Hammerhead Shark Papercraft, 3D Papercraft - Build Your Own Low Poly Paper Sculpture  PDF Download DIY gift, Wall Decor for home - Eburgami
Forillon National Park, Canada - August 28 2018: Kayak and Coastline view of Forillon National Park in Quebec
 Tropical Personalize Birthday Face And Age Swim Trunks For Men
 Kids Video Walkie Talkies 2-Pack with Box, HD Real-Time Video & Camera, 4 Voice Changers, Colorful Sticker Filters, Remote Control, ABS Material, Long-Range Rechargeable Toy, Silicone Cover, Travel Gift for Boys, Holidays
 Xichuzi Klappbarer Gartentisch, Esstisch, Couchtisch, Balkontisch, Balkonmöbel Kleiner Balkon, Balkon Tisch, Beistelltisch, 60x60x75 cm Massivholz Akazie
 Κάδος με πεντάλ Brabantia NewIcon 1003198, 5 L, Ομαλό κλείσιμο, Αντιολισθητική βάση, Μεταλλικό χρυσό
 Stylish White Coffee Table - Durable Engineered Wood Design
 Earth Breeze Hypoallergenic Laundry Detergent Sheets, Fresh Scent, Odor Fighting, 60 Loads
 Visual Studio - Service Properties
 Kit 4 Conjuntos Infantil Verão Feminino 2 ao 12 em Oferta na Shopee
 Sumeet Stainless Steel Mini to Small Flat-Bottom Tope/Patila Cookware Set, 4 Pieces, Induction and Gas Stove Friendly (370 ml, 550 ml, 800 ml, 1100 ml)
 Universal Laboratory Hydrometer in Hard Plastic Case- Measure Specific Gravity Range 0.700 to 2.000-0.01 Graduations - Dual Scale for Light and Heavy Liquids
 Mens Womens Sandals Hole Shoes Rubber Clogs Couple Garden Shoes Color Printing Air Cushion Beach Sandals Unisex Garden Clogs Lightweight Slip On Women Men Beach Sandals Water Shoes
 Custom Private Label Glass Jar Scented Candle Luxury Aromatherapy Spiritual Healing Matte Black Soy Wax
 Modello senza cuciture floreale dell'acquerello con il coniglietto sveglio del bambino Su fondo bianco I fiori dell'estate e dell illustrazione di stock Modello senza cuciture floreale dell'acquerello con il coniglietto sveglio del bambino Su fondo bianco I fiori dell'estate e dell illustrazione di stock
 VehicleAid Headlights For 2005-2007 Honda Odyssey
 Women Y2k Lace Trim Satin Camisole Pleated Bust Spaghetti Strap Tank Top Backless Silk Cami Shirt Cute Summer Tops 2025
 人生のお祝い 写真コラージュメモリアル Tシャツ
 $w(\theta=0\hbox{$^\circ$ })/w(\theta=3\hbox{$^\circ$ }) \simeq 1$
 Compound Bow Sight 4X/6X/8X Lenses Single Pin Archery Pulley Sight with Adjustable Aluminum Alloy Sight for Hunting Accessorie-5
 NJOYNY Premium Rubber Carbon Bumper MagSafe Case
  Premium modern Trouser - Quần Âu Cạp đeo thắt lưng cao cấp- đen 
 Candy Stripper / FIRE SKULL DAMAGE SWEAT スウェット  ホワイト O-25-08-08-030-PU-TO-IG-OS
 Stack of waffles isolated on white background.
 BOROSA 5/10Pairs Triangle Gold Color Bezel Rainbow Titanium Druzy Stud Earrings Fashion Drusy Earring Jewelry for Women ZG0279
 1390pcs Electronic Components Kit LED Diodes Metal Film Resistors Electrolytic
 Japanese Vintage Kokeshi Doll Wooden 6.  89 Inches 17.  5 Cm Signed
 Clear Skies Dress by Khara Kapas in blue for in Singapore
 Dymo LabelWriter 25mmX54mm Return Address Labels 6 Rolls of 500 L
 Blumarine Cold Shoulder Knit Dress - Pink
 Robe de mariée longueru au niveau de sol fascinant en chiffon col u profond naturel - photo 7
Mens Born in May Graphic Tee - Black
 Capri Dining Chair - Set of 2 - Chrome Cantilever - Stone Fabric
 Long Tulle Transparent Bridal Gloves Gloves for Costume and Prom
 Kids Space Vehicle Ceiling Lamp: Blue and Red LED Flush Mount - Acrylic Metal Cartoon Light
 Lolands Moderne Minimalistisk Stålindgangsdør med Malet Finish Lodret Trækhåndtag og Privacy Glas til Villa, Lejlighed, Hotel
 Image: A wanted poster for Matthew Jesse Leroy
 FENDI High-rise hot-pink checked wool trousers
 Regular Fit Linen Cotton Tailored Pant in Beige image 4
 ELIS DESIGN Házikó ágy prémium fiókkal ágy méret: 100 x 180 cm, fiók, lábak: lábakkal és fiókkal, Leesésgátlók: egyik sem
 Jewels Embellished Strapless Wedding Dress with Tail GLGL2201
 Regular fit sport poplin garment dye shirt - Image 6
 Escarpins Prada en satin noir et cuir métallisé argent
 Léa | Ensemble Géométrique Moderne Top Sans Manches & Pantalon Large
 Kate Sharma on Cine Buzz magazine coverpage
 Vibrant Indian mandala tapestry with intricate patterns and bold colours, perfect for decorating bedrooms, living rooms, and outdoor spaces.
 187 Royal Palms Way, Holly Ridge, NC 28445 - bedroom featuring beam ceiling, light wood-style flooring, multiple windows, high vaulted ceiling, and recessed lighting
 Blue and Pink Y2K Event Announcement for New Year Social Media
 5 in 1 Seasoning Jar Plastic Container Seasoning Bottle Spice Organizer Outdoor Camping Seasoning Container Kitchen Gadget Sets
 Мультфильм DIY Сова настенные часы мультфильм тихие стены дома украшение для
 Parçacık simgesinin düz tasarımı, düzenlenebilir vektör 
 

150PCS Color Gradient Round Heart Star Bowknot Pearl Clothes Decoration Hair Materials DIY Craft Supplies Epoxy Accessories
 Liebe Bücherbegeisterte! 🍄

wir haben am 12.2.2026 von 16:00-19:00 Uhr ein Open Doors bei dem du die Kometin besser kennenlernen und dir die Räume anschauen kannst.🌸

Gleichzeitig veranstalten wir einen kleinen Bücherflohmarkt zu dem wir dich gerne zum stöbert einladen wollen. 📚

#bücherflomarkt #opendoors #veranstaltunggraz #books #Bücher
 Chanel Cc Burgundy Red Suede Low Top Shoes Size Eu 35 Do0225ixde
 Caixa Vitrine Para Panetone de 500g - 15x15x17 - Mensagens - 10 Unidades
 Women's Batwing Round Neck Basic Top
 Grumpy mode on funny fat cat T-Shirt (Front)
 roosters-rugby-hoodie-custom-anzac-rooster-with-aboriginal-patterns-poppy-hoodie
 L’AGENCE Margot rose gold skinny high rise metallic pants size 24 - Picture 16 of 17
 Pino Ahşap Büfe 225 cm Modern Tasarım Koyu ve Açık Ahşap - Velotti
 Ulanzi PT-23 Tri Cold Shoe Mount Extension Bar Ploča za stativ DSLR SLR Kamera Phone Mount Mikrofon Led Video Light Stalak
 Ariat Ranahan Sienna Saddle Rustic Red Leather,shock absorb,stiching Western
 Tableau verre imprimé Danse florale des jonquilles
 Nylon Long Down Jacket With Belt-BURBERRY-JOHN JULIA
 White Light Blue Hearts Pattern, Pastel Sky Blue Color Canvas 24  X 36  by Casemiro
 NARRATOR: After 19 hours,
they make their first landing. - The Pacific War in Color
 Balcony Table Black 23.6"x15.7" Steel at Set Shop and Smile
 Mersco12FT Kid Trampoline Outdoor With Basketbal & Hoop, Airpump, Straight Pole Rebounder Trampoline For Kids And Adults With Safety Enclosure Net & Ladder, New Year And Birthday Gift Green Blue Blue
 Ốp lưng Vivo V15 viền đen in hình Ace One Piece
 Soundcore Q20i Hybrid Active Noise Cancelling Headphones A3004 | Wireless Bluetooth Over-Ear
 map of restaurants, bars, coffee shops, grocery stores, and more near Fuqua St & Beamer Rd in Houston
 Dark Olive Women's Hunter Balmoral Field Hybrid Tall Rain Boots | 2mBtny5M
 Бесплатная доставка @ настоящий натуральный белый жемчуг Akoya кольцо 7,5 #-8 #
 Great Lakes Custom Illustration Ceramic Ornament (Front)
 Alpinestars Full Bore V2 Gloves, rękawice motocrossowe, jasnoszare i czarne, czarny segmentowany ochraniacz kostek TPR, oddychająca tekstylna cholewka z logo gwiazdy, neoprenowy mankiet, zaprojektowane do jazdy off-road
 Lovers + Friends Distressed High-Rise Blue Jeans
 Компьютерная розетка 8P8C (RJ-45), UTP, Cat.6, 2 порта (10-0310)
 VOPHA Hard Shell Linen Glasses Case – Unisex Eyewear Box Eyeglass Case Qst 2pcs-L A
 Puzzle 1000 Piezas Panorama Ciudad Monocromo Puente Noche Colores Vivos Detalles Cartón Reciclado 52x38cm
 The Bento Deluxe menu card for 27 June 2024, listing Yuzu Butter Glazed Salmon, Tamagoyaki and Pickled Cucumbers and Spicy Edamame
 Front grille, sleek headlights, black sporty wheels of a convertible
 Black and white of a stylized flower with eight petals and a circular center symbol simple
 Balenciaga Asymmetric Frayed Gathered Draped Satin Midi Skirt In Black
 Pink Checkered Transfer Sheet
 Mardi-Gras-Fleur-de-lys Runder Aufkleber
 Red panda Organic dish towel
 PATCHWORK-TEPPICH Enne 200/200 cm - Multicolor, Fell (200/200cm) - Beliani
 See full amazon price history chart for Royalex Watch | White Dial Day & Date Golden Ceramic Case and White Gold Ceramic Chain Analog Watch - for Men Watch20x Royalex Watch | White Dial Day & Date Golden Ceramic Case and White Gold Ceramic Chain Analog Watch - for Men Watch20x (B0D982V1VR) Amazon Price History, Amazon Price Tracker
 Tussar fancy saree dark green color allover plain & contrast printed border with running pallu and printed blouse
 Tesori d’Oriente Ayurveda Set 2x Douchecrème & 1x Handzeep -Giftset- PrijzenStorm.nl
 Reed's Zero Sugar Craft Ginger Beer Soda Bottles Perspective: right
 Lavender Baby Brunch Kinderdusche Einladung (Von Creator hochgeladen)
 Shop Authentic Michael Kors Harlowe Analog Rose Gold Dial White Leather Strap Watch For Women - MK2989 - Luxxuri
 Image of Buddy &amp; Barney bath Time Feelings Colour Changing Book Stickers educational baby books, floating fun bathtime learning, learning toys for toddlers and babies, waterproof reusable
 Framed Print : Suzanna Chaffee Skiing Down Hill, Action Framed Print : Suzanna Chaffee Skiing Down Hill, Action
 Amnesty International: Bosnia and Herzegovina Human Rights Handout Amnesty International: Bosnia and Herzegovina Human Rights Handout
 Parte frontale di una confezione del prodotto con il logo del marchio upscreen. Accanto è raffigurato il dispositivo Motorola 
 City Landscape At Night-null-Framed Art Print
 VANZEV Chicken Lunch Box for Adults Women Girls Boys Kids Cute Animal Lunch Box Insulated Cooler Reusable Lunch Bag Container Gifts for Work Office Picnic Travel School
^^^^^^^^^^^^^^^^
◆ WHAT YOU NEED TO DO ◆
Send back an exact copy of only the lines from the line with "Front grille, sleek" up to and including the line with "PATCHWORK-TEPPICH Enne 200/200" in the data above.

◆ WRITTEN RESPONSE ◆
 Front grille, sleek headlights, black sporty wheels of a convertible
 Black and white of a stylized flower with eight petals and a circular center symbol simple
 Balenciaga Asymmetric Frayed Gathered Draped Satin Midi Skirt In Black
 Pink Checkered Transfer Sheet
 Mardi-Gras-Fleur-de-lys Runder Aufkleber
 Red panda Organic dish towel
 PATCHWORK-TEPPICH Enne 200/200 cm - Multicolor, Fell (200/200cm) - Beliani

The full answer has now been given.